Carl Barât et Pete Doherty déboulent et entrechoquent leurs guitares en signe de top départ pour ‘European Son’. Les longues parties instrumentales font la part belle aux riffs échevelés et aux coups sur les amplis pour décupler le côté noisy. Cette chanson va bien aux Libertines, ou plutôt, ils vont bien à cette chanson.

John Cale va ensuite chercher en coulisses Saul Williams qui arrive les yeux bandés pour chanter avec lui ‘Lady Godiva’s Operation‘, extrait du second album White Light / White Heat. Le moment est nébuleux, aquatique, avec des photos de Lou Reed et Nico ondulant en fond de scène. Sur une rythmique électro presque dub, le chanteur aveugle le temps du morceau en impose par son charisme et déclenche une ovation. Mark Lanegan enchaîne avec ‘All Tomorrow’s Parties‘. Impassible face à son pupitre, il paraît éteint comparé au personnage Saul Williams.
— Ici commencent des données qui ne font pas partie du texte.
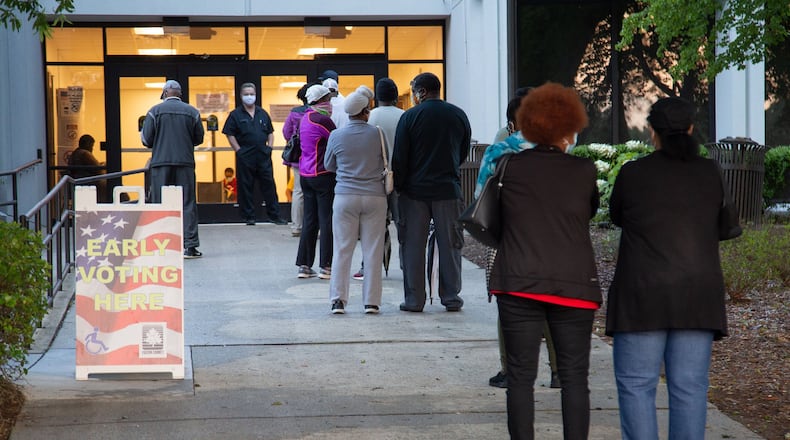 People stand in line to vote at the South Fulton Service Center early on Friday morning, May 22, 2020. STEVE SCHAEFER FOR THE ATLANTA JOURNAL-CONSTITUTION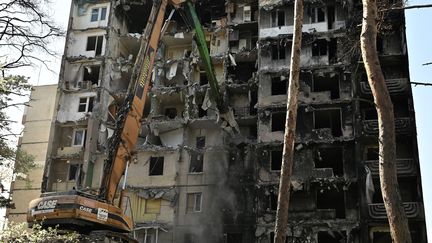 Des ouvriers démantèlent un immeuble lourdement endommagé dans la ville d'Irpin, le 21 avril 2023, au moment de l'invasion militaire de l'Ukraine par la Russie. (GENYA SAVILOV / AFP)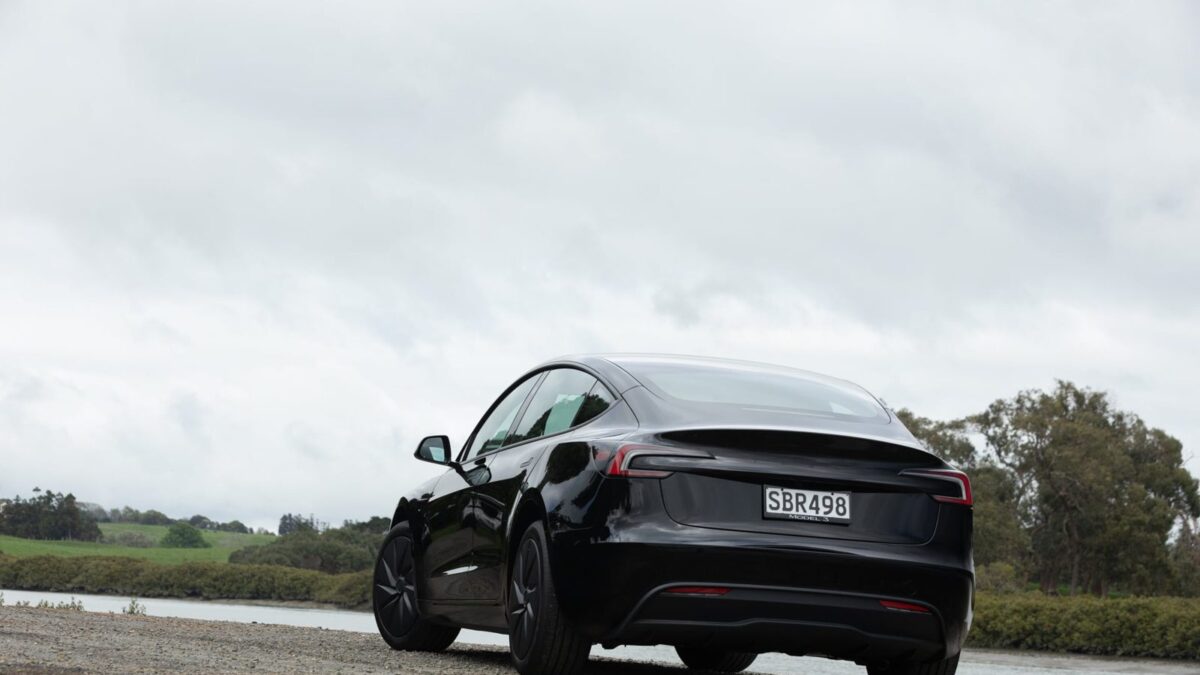 Rear three-quarter view of the black Tesla Model 3 Rear-Wheel Drive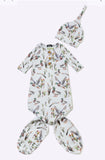 A baby footed sleeper and matching hat set with an all-over duck and reeds print on a white background, displayed flat against a light gray backdrop.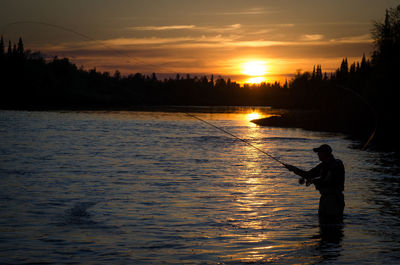 Silhouette man fishing in lake against sky during sunset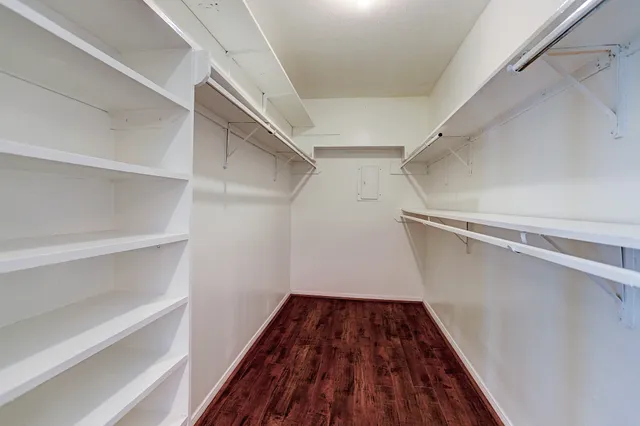 a view of walk in closet with wooden floor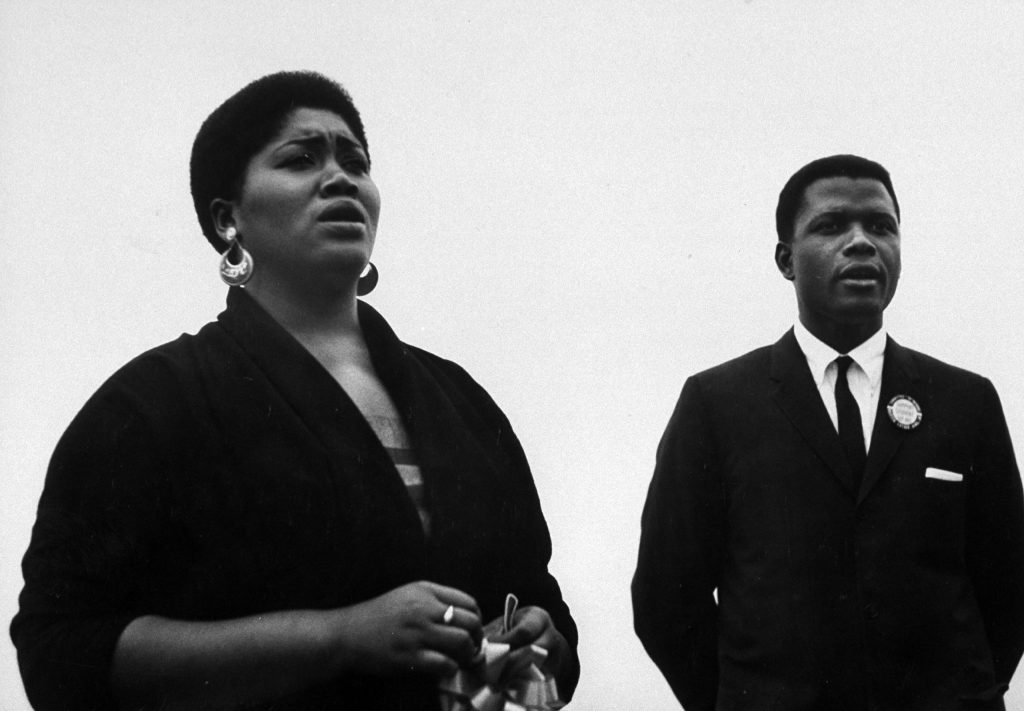 Folk singer Odetta at a civil rights rally at Statue of Liberty with Sidney Poitier, 1960.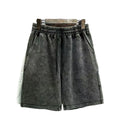 Men's charcoal black cotton shorts with a distressed style and loose straight-leg fit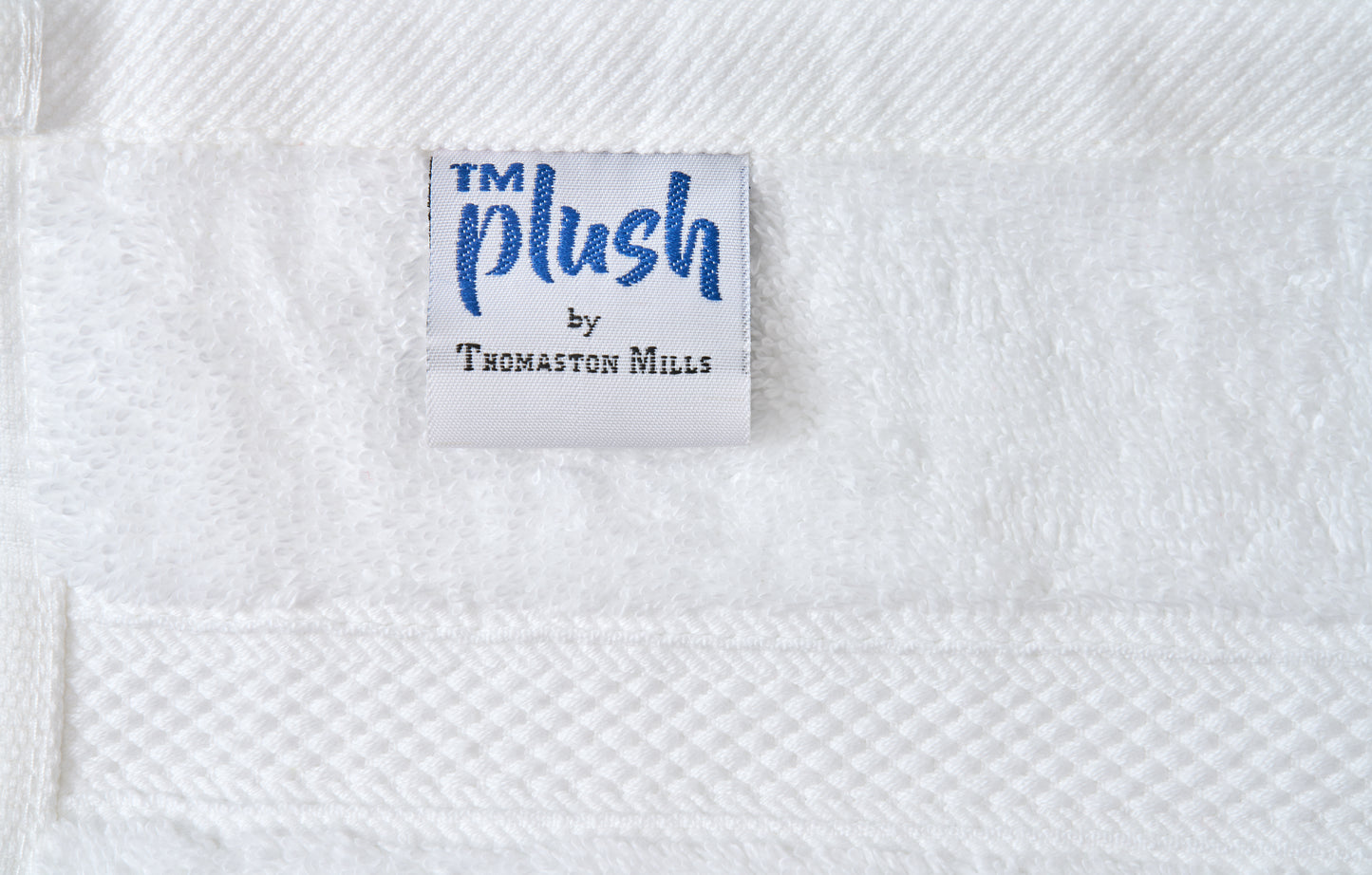 Label with 'TM Plush by Thomaston Mills' on a textured white fabric background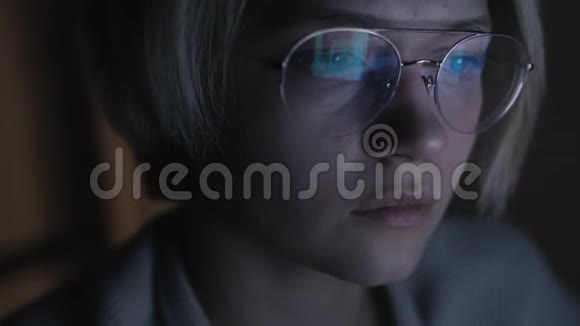 戴眼镜的年轻悲伤的女人在黑暗的房间里用电脑翻新闻视频的预览图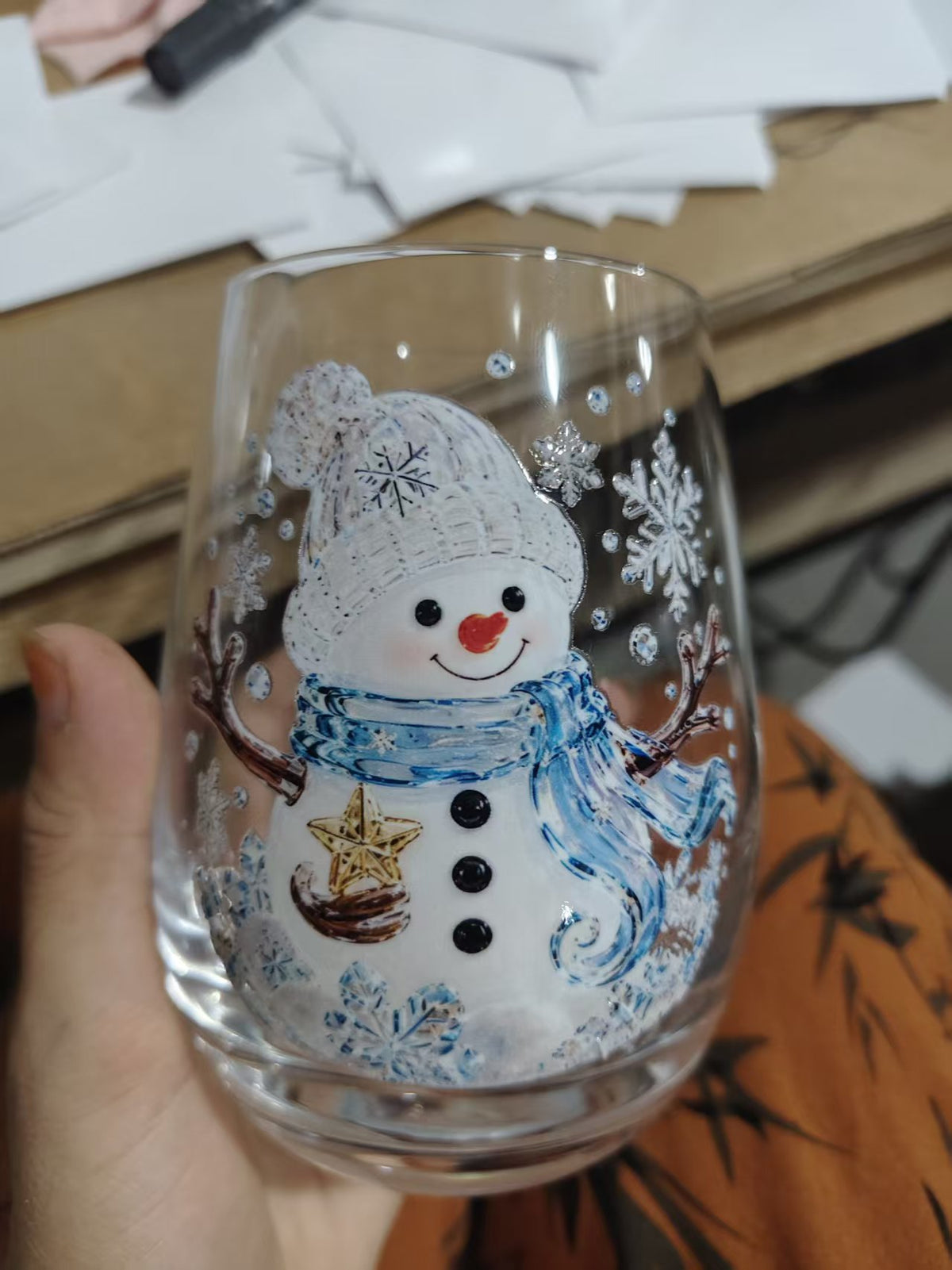 Clear borosilicate Christmas glass cup with a raised painted flat blue snowman holiday motif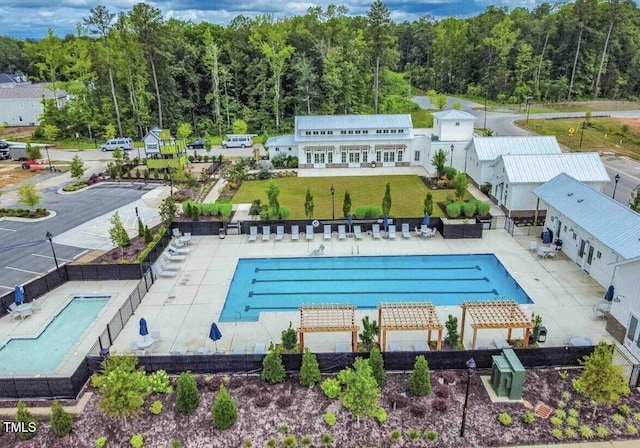 1020 Kentlands Dr, Durham, NC 27713 - community pool with fence, a lawn, a patio area, and a wooded view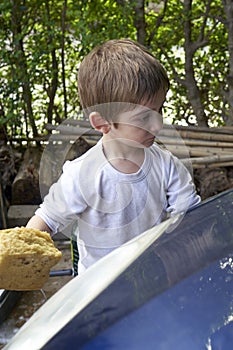 Adorable little blonde boy using a sponge to wash her parent`s car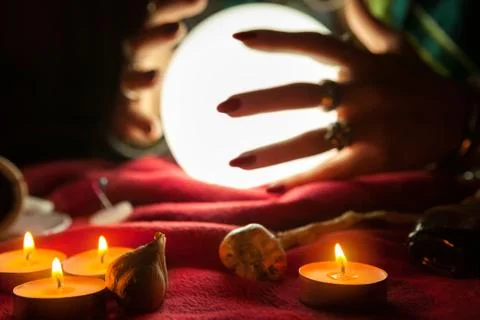 Hands of fortune teller witch in front of crystal ball Stock Photos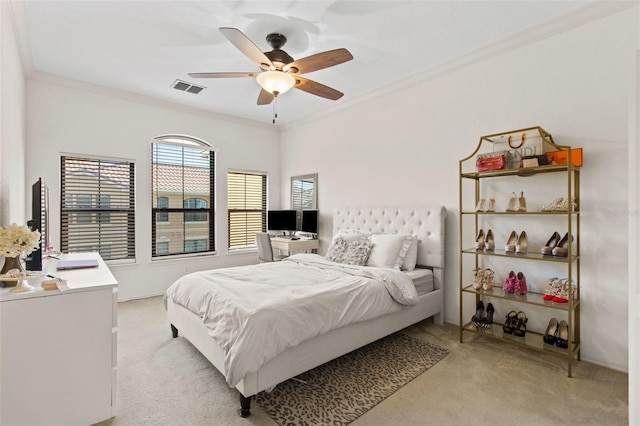 bedroom featuring visible vents, light colored carpet, a ceiling fan, and ornamental molding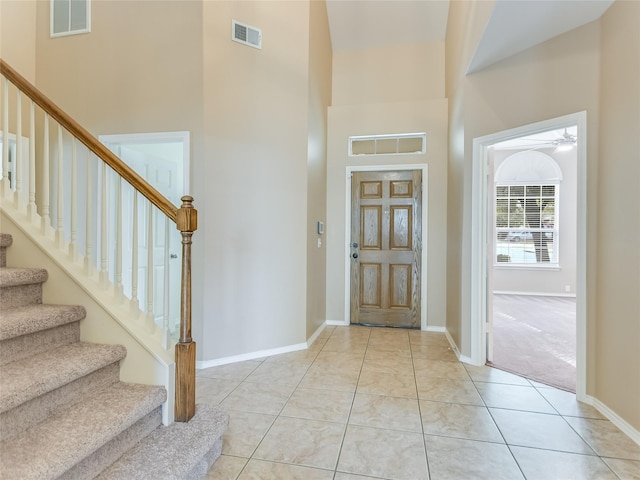 foyer with light tile patterned flooring and a towering ceiling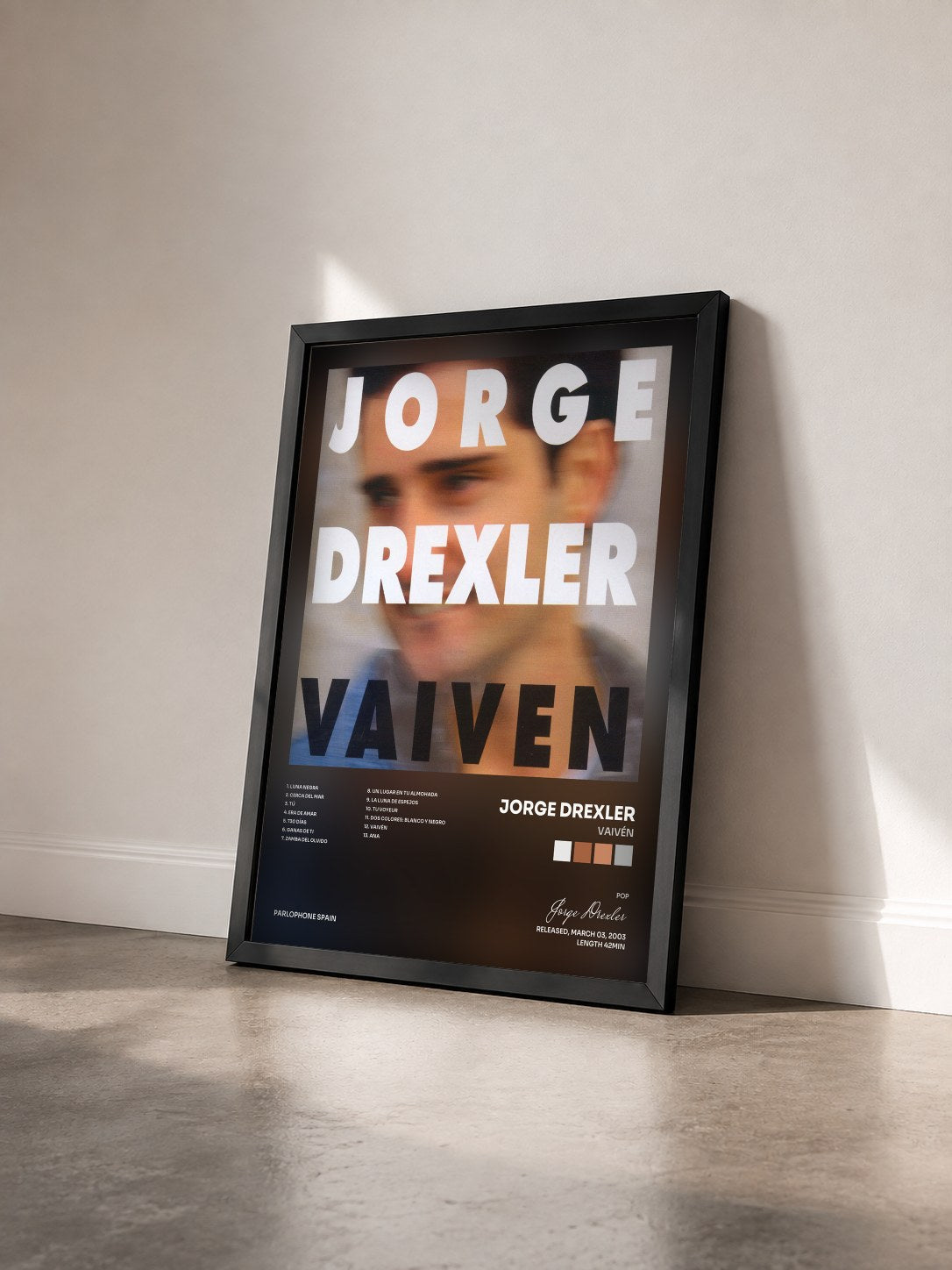 #noir Tableau de l'album Vaivén de Jorge Drexler vu de trois quarts, cadre noir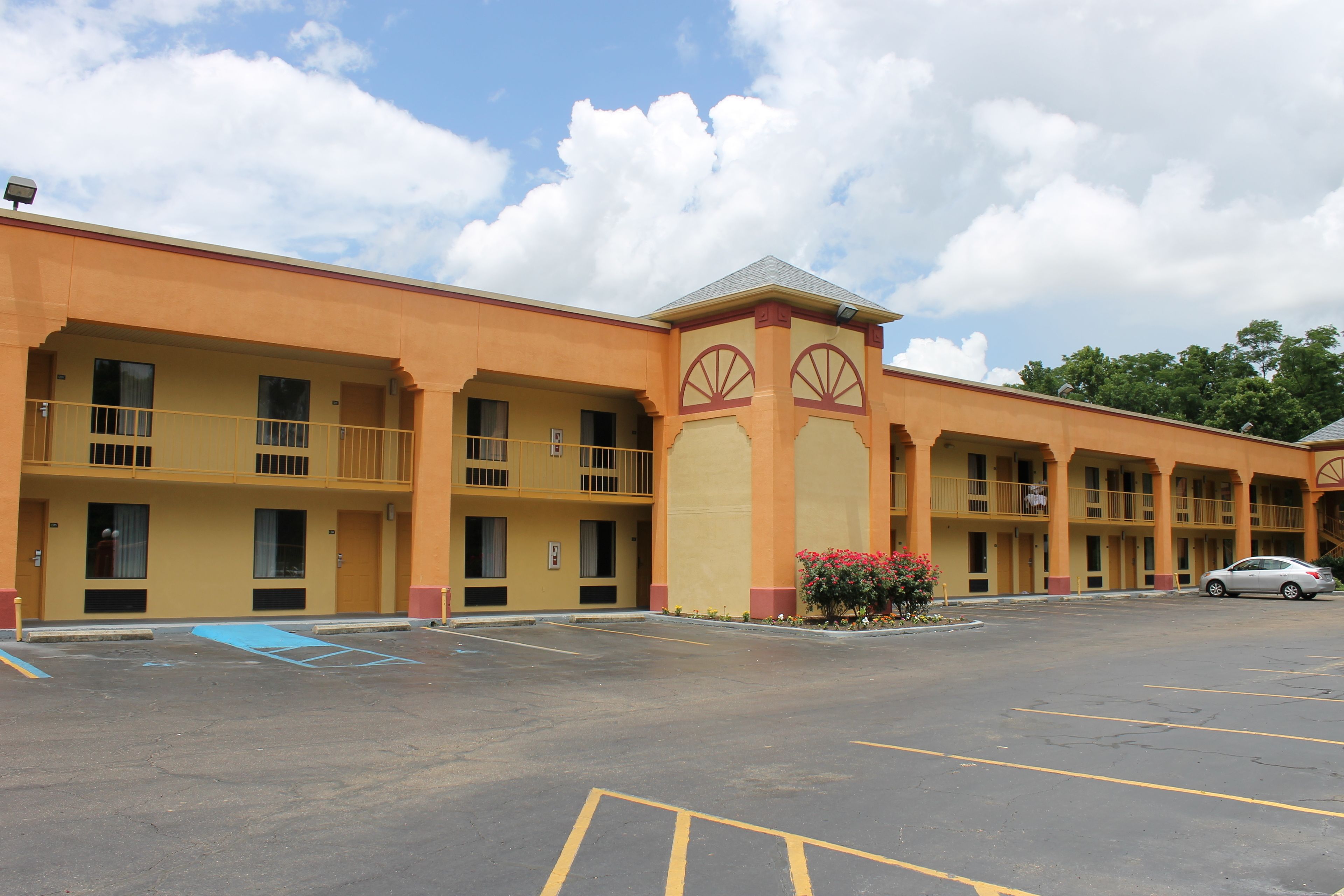 A multi-story motel with a yellow facade, balconies, and a parking lot.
Quand John Cale attrape son violon électrique pour ‘Venus In Furs‘, on retrouve les ambiances qui ont construit The Velvet Underground, mais le son est vraiment brouillon. Un réel contraste avec Etienne Daho qui reprend ‘I’ll Be Your Mirror‘, dans une interprétation encore plus douce que l’originale, mais qui lui colle plutôt bien. Après la lecture de ‘The Gift‘ sur une basse tournoyante et des sons obscurs, Animal Collective rameutent leurs jolis choeurs et leurs claviers sautillants sur ‘There She Goes Again‘.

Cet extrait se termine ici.